The main advantages RandAA has over builtin AAs are:

1.  Deterministic, ref counted freeing of memory, which is important for huge AAs or very memory-tight systems.

2.  Plays nicely with conservative GC.  Keys, values and hashes are in separate arrays, meaning that they don't all get GC scanned just because one needs to be GC scanned.  This also saves on alignment overhead.

3.  The implementation is based on parallel arrays, and allows for space to be reserved such that a certain number of elements can be added with a guarantee of no reallocation.  Because of this, insertions are much faster for large arrays.

4.  The linear congruential probing retains its O(1) expected lookup time as long as there are minimal collisions in full (32- or 64-bit) hash space, regardless of how many collisions there are in modulus hash space.

The main disadvantages are:

1.  The combination of parallel arrays and randomized probing wreak havoc on cache performance, meaning lookups are somewhat slower than with the builtin AA.

2.  The worst-case lookup time is unbounded, though this is more theoretical trivial than a practical issue (except maybe in high security situations where you shouldn't be using a hash table anyhow).
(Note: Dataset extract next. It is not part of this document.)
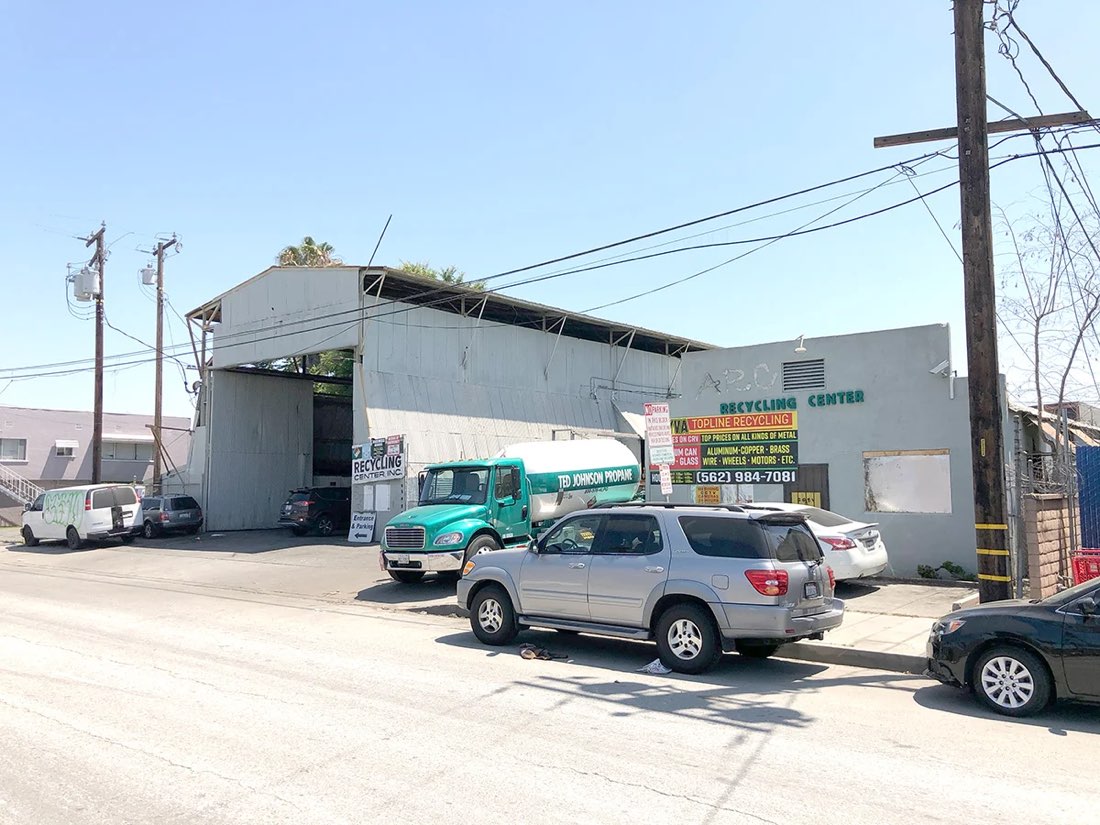 Drive-Thru entrance and indoor parking at Leyva Recycling, 5674 Cherry Avenue, Long Beach, CA 90805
The distribution of lookup times is geometric, meaning that requiring more than a few probing iterations is absurdly unlikely.
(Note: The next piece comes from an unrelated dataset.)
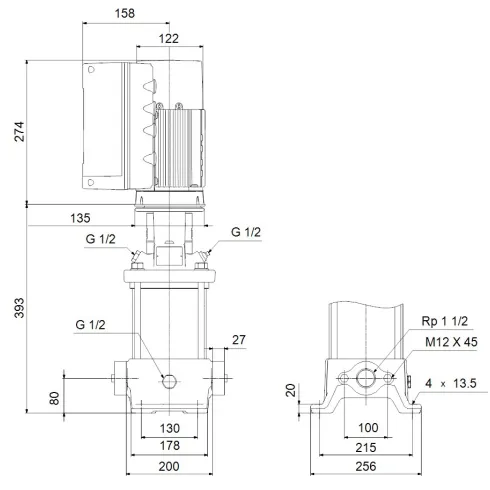 Многоступенчатый вертикальный насос Grundfos CRE 10-3 N-A-A-E-HQQE 98390274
The two main known issues are lack of const correctness (I made no attempt and won't bother until inout works reasonably well) and lack of 64-bit support (because I haven't gotten around to searching for good 64-bit linear congruential parameters yet).

Please review the code and let me know whether it flies for std.container.

--David Simcha
January 29, 2011
I've also uploaded some documentation to http://cis.jhu.edu/~dsimcha/randaasealed.html, though interface-wise it's just a standard AA implementation, so there's not much to document.  Please comment.
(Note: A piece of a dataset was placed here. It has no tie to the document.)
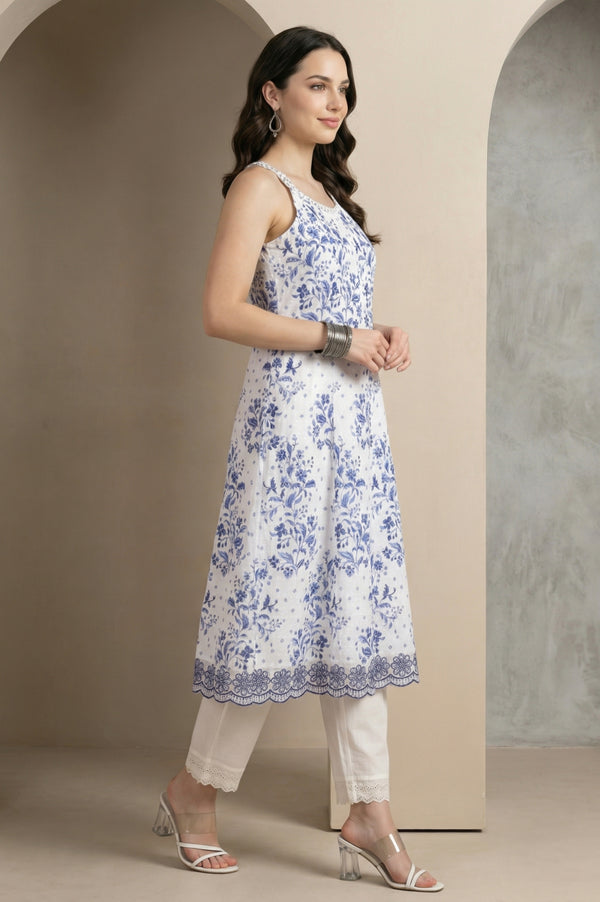 White Floral Printed Schiffli Pure Cotton Sleeveless Flared Kurta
On 11/20/2010 2:14 PM, David Simcha wrote:
> I've created a sealed container implementation of RandAA for inclusion in std.container.  The code is located at:
>
> http://www.dsource.org/projects/aa/browser/trunk/randAA/randaasealed.d
>
> The main advantages RandAA has over builtin AAs are:
>
> 1.  Deterministic, ref counted freeing of memory, which is important for huge AAs or very memory-tight systems.
>
> 2.  Plays nicely with conservative GC.  Keys, values and hashes are in separate arrays, meaning that they don't all get GC scanned just because one needs to be GC scanned.  This also saves on alignment overhead.
>
> 3.  The implementation is based on parallel arrays, and allows for space to be reserved such that a certain number of elements can be added with a guarantee of no reallocation.  Because of this, insertions are much faster for large arrays.
>
> 4.  The linear congruential probing retains its O(1) expected lookup time as long as there are minimal collisions in full (32- or 64-bit) hash space, regardless of how many collisions there are in modulus hash space.
>
> The main disadvantages are:
>
> 1.  The combination of parallel arrays and randomized probing wreak havoc on cache performance, meaning lookups are somewhat slower than with the builtin AA.
>
> 2.  The worst-case lookup time is unbounded, though this is more theoretical trivial than a practical issue (except maybe in high security situations where you shouldn't be using a hash table anyhow).  The distribution of lookup times is geometric, meaning that requiring more than a few probing iterations is absurdly unlikely.
>
> The two main known issues are lack of const correctness (I made no attempt and won't bother until inout works reasonably well) and lack of 64-bit support (because I haven't gotten around to searching for good 64-bit linear congruential parameters yet).
>
> Please review the code and let me know whether it flies for std.container.
>
> --David Simcha